The MTP system frames the problem of mind-theoretic reasoning as a planning problem with mixed observability. A predictive forward model of others’ behavior is computed by creating a set of Mental State Situations (MSS), each composed of stacks of Markov Decision Process (MDP) models whose solutions provide approximations of anticipated rational actions and reactions of that agent. This forward model, in addition to a perceptual-range limiting observation function, is combined into a Partially Observable MDP (POMDP). The presented MTP approach increases computational efficiency by taking advantage of approximation methods offered by a novel POMDP solver B3RTDP as well as leveraging value functions at various levels of the MSS as heuristics for value functions at higher levels.
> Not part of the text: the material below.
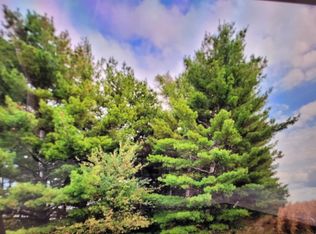 E Schrock Rd, Waterloo, IA 50701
This work was supported by an ONR MURI 6 Award N00014-07-1-0749

For the purpose of creating an efficient MTP system, a novel general-purpose online POMDP solver B3RTDP was developed; this planner extends the Real-Time Dynamic Programming (RTDP) approach to solving POMDPs. By using a bounded value function representation, we are able to apply a novel approach to pruning the belief-action search graph and maintain a Convergence Frontier, a novel mechanism for taking advantage of early action convergence, which can greatly improve RTDP search time.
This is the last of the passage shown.